Zur Liquiditätssicherung gehört auch die nachhaltige Reduzierung der Steuerlast – natürlich ausschließlich im Rahmen der gesetzlichen Möglichkeiten. Dies muss ein elementarer Bestandteil des Finanzmanagements von Familienunternehmen sein. Eher oft als selten avanciert der Fiskus mit seinen Forderungen zum gefühlten Hauptgesellschafter. Damit entzieht der Staat dem Unternehmen dringend benötigte Finanzmittel. Sparen Sie als Unternehmer nicht am falschen Ende. Haben Sie auch den Mut weitere Berater ins Boot zu holen oder alte Verbindungen zu lösen. Nicht jeder Steuerberater, Wirtschaftsprüfer oder Unternehmensberater ist für jede Unternehmensgröße und Fragestellungen gleich gut geeignet. Das gilt für fast jede Berufsgruppe, auch für Interim-Manager.
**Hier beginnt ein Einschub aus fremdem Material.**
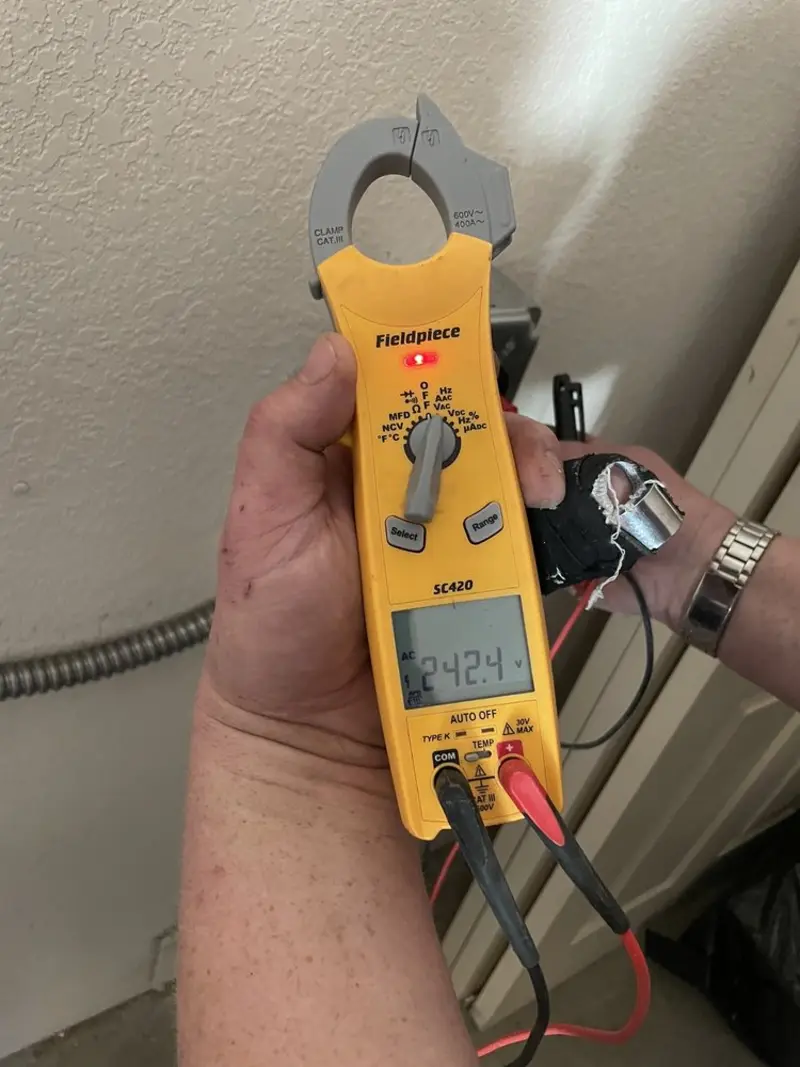 Voltage testing with clamp meter during Recessed Lighting Installation in Smithtown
Eine weitere, nicht unwesentliche Maßnahme besteht in einer zurückhaltenden Ausschüttungspolitik. Gewinne sollen nach Möglichkeit thesauriert werden und somit im Unternehmen verbleiben. Um die unternehmerische Unabhängigkeit nachhaltig zu verteidigen, bedarf es Eigenkapitalquoten von mindestens 30%, besser mehr. Entsprechend sind Familienunternehmen gut beraten, auch den Umgang mit Gewinnen gesellschaftsvertraglich als auch in der Family Governance zu regeln.

Familienunternehmen sind m. E. auch gut beraten, sich einen Beirat einzurichten. Bei Aktiengesellschaften geschieht das in Form des Aufsichtsrates kraft Gesetzes. Dieses Kompetenzgremium sollte möglichst heterogen besetzt sein. Es gilt, die richtige Mischung aus Kompetenz, Branchenerfahrung, Identifikation und Objektivität zu finden. Es ist aber durchaus sinnvoll, wenn dem entsprechenden Gremium Mitglieder der Gesellschafterfamilie angehören, sofern sie nicht aktiv im Unternehmen mitarbeiten. Sie sind mit den Werten, der Kultur und den Strömungen innerhalb der Gesellschafter vertraut und beachten bei ihren Entscheidungen, Einwänden und Ratschlägen die Auswirkungen auf das eigene Familiensystem.

In einen solchen Rahmen gehört auch das Hinterfragen der eigenen Geschäftsidee. Viele Familienunternehmen fühlen sich der Gründeridee verpflichtet. Ihnen fällt es schwer, in Alternativen zu denken. Mitunter plagt sie das Gewissen. So kommt es, dass nicht nur Familienunternehmen in eine sogenannte strategische Starre verfallen. So gibt es sowohl für die konsequente Beibehaltung der einmal eingeschlagenen Geschäftsfeld-Strategie positive Beispiele, aber genauso viele für die erfolgreiche Diversifikationsstrategie. Zielführend könnte die Kombination der alten Banker-Regel „Nicht alle Eier in einen Korb" gepaart mit dem Verständnis des Ikea-Gründers „Wer sich verzettelt, kann keinen Erfolg haben" sein. Man könnte das eine tun und das andere nicht lassen.

Mein Beitrag soll verdeutlichen, dass es abseits von Kosten und Erlösen eine Menge weiterer Einflussfaktoren zu berücksichtigen gilt. Entsprechend bedarf es Führungskräften, Beratern und Interim Managern, die in Familienunternehmen zu Hause sind.

Spätestens jetzt ist die Zeit zum Handeln und zum strategischen Hinterfragen des eigenen Tuns gekommen. Warten Sie nicht darauf, dass die Probleme zu Ihnen kommen! Probleme, die man ignoriert, verschwinden nicht, sie holen Verstärkung! Als Familie behalten Sie so das Heft des Handelns in der Hand. Die gezielte Beauftragung eines vertrauenswürdigen Interim Managers kann Ihnen helfen, Ihre Ergebnispotentiale nicht nur zu identifizieren, sondern auch zu heben. Zudem kann er Ihnen als unabhängiger Experte beratend zur Seite stehen, und Sie ausgleichend wie glaubwürdig in Richtung aller Stakeholder unterstützen.